- **EXERCISE INSTRUCTIONS**: Pictures stay out; print the rest of the listing below exactly as it stands.

- **SUPPLIED DATA**:
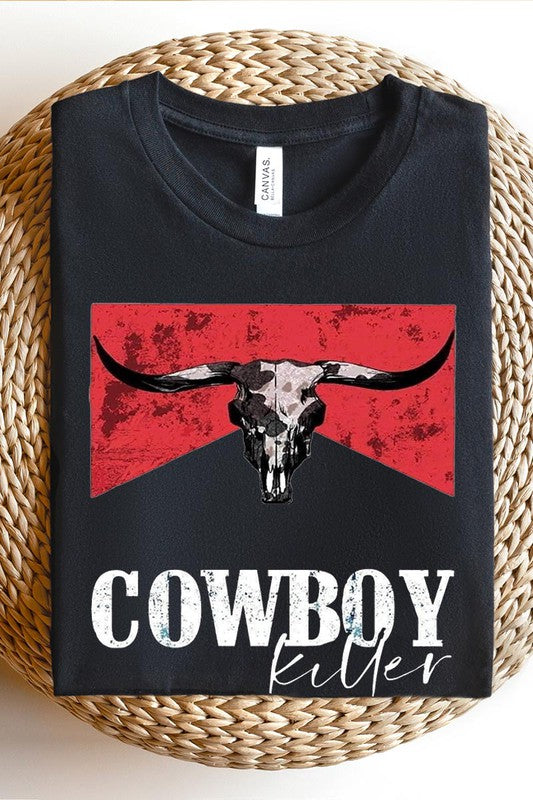 Cowboy Killer Bull Skull Tee T-Shirt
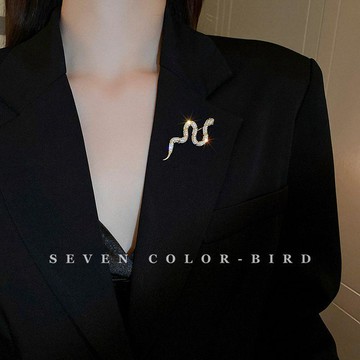 免運🦄鑲蛇形胸針女士2026本命年新款輕奢高級感個性西裝衣服別針配飾防走光 胸針 領口別針 優雅風針釦別針 領針 時尚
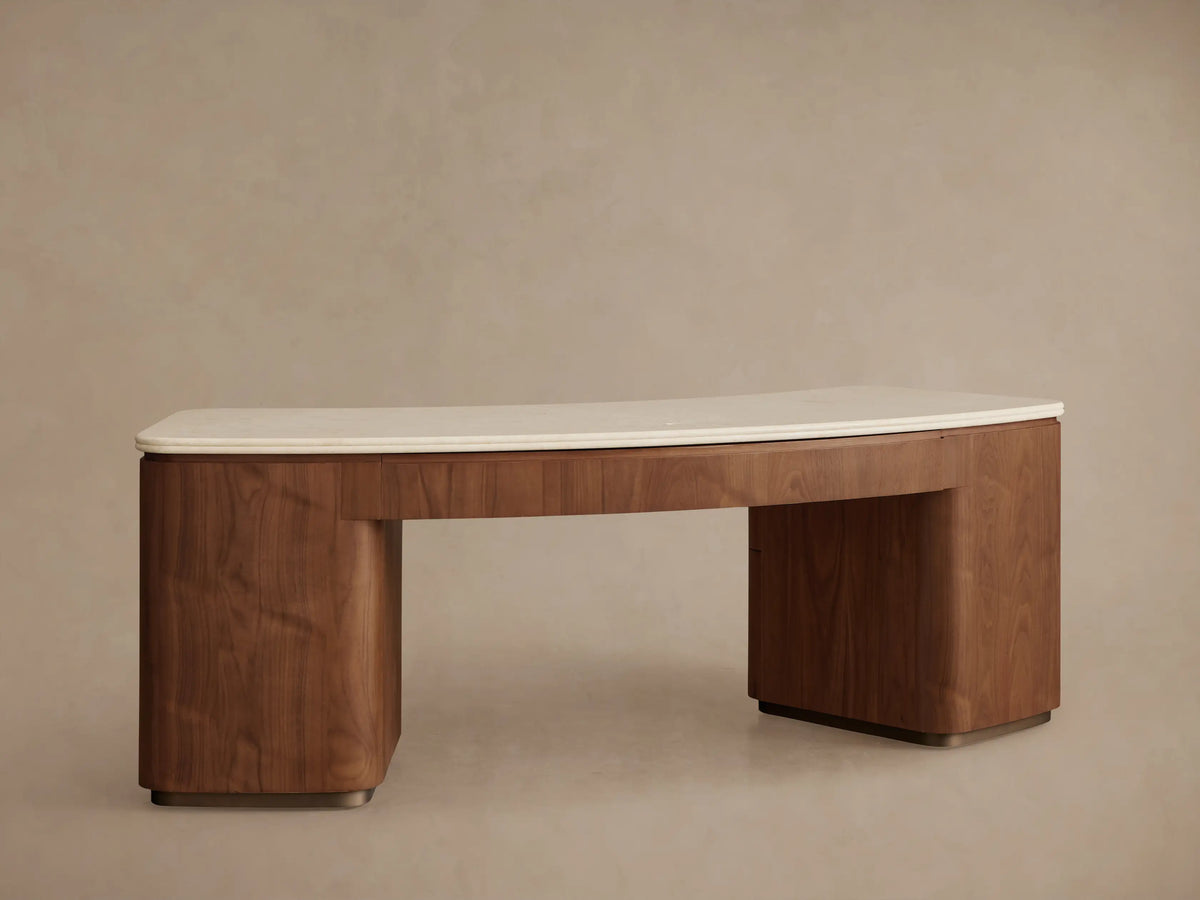Caden Executive Desk with Stone Top and Integrated Storage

- **OUTPUT FOR THIS EXERCISE**:
 Cowboy Killer Bull Skull Tee T-Shirt
 免運🦄鑲蛇形胸針女士2026本命年新款輕奢高級感個性西裝衣服別針配飾防走光 胸針 領口別針 優雅風針釦別針 領針 時尚
Caden Executive Desk with Stone Top and Integrated Storage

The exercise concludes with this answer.